More seriously, 40% of those employed stated they only have enough funds to survive for one month or less should they lose their jobs. As many as 66% of the respondents reported that they are also worried about losing their jobs or incomes.

As the country moves from level three to two of the lockdown, the impact on consumers has been severe, as indicated by OMSIM’s research:

  • At least 50% of South African households are digging into their savings to survive
  • 37% of families are not meeting regular bill payments
  • 23% have cashed in savings or investment policies to raise cash
  • Only 50% of credit cardholders say they can still comfortably afford their monthly payments
  • 43% are accessing personal loans from financial institutions   
  • 19% are relying on loans from family and friends (up from 12% in 2019)
  • 12% are borrowing from micro-lenders (7% more than in 2019)
  • Membership of stokvel saving societies has dropped 10% to 34%
  • Membership of grocery buying schemes leapt from 9% in 2019 to 23% in 2020
  • Burial society participation has climbed 15% to 38% in the last 12 months.
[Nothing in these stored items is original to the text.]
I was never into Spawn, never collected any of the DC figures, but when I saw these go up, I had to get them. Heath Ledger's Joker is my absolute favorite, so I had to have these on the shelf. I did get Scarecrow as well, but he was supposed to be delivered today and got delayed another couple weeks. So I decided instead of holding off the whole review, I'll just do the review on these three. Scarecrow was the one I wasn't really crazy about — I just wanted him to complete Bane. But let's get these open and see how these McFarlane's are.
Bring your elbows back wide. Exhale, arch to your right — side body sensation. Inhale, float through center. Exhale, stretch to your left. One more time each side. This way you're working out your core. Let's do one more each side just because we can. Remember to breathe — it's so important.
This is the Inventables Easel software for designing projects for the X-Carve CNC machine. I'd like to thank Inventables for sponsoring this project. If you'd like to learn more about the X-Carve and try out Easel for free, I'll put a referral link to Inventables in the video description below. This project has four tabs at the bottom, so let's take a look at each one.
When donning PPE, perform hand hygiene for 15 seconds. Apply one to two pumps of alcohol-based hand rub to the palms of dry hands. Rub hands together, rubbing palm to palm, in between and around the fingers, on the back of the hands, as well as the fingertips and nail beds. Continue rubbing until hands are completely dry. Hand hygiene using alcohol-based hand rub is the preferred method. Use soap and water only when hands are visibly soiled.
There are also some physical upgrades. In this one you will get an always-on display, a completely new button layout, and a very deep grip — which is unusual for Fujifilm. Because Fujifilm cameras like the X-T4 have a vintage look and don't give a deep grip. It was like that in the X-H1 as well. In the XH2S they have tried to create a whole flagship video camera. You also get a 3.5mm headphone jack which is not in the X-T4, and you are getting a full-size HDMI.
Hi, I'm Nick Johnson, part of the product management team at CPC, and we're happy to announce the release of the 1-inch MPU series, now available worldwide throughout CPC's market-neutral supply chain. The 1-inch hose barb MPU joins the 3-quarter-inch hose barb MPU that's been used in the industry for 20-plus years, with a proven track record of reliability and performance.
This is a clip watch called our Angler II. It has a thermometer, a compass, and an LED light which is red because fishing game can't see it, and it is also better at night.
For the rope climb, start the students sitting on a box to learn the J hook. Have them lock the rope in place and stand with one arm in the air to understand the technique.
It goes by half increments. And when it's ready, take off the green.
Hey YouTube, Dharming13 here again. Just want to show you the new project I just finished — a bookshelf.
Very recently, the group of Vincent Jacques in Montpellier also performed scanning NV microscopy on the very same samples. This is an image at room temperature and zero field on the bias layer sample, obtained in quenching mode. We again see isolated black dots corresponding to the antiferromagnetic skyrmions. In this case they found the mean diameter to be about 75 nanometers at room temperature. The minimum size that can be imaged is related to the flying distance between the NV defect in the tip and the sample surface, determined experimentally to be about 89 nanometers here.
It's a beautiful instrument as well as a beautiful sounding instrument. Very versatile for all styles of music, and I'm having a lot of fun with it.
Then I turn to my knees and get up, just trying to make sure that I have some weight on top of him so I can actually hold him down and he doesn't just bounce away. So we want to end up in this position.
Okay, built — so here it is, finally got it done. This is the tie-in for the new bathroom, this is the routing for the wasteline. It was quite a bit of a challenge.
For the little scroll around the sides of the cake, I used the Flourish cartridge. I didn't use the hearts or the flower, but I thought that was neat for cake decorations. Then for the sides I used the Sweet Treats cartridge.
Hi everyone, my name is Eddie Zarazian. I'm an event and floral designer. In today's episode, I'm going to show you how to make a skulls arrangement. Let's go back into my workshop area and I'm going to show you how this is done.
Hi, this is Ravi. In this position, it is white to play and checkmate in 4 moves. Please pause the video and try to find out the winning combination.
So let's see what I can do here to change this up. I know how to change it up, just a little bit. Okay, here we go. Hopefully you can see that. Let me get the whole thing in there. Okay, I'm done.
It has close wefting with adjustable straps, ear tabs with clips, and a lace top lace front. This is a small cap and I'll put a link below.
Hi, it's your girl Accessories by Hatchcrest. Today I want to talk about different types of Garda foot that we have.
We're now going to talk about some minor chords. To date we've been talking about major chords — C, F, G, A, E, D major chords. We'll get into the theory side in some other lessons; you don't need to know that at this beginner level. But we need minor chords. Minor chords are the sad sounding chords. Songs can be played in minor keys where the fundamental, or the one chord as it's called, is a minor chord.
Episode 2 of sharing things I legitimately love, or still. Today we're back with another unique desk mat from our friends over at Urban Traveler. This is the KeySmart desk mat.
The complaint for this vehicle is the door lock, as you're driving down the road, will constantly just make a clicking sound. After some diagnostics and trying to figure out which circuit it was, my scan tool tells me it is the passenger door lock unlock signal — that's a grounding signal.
“There is no doubt that financial education has a part to play in helping people regain their financial health. Consumers need financial strategies and help to identify ways of coping with debt,” says John Manyike, Head of Financial Education at Old Mutual.

“Many people who are overwhelmed by their present circumstances may avoid answering calls or letters from service providers. Unfortunately, being in denial about reality only worsens their situation, exposing them to legal action.

“Financial institutions and creditors understand what people are going through. The sooner consumers contact us, the greater the opportunities to find solutions that will ease their burdens, such as lower insurance premiums, payment holidays or extensions of loan repayments and debt consolidation plans.”

Adds Manyike: “We encourage people to contact us as soon as trouble looms. We have served South Africans and protected them from setbacks for 175 years. We have a long tradition of assisting our customers wherever it is possible. The Covid-19 pandemic has not changed this.”